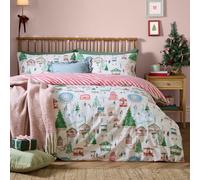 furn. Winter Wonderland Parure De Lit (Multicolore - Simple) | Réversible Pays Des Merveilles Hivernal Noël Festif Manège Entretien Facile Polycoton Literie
* * *
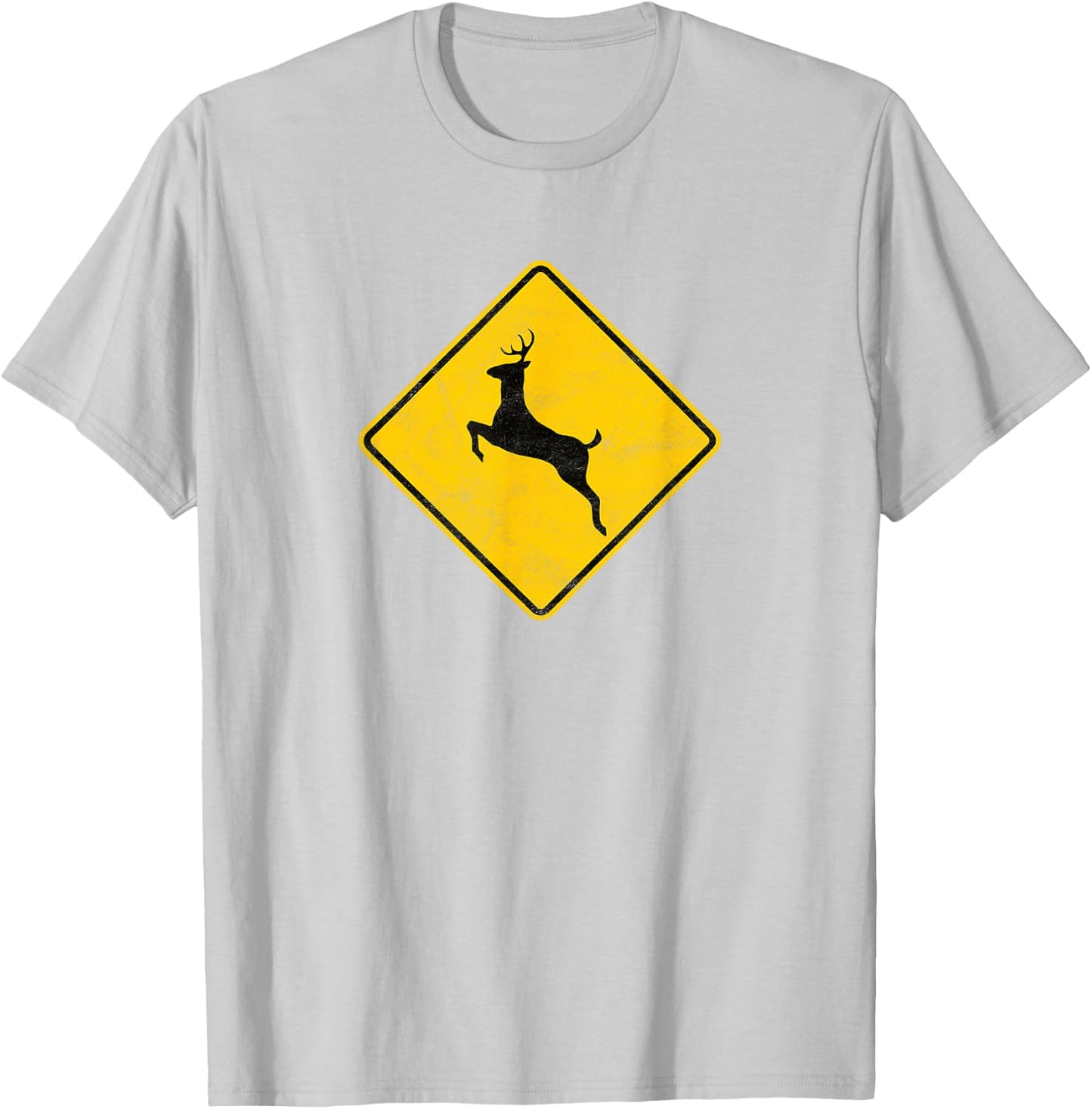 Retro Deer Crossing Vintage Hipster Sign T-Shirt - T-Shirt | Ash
* * *
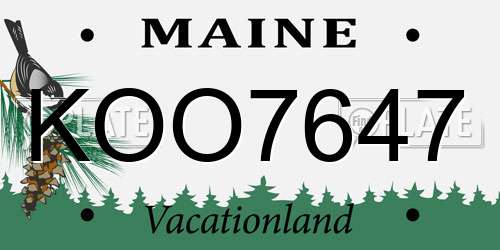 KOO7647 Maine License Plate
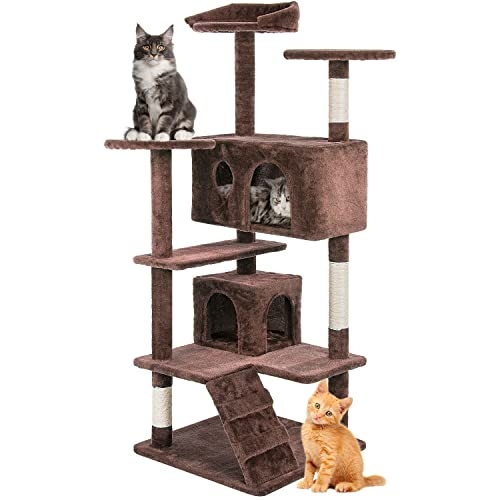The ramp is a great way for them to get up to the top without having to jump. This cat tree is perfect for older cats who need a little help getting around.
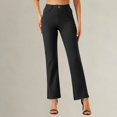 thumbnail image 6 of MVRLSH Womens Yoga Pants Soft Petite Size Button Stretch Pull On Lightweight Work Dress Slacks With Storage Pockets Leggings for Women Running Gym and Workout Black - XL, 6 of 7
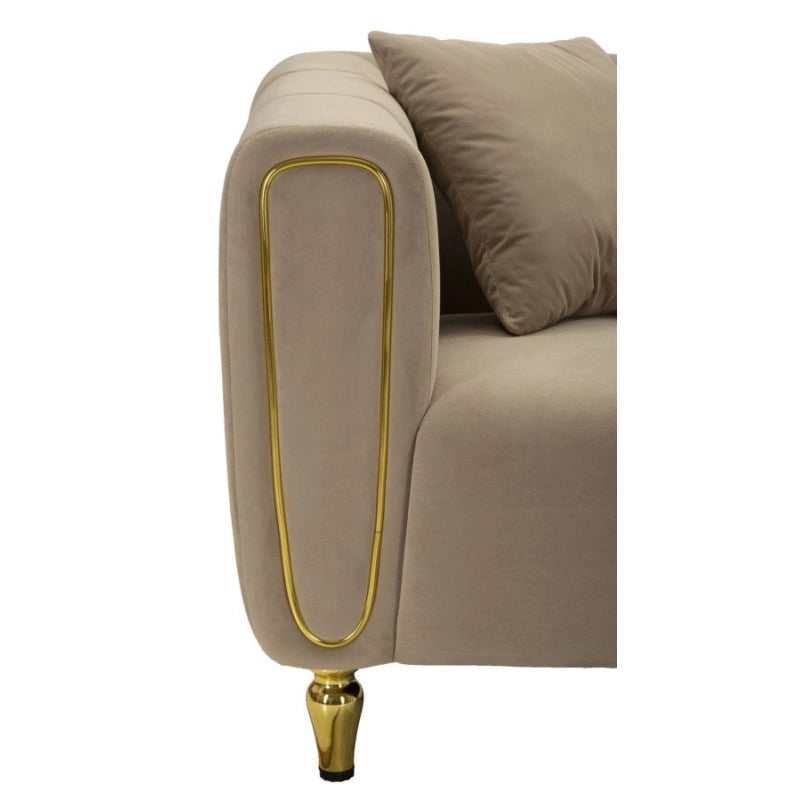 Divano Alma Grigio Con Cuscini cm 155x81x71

▶ [Action item]
Take the material above from the line containing "KOO7647 Maine License Plate" up to and including the line containing "Divano Alma Grigio Con Cuscini cm 155x81x71" and retype it exactly, without any pictures.

▶ [Answer to this exercise]
 KOO7647 Maine License Plate
The ramp is a great way for them to get up to the top without having to jump. This cat tree is perfect for older cats who need a little help getting around.
 thumbnail image 6 of MVRLSH Womens Yoga Pants Soft Petite Size Button Stretch Pull On Lightweight Work Dress Slacks With Storage Pockets Leggings for Women Running Gym and Workout Black - XL, 6 of 7
 Divano Alma Grigio Con Cuscini cm 155x81x71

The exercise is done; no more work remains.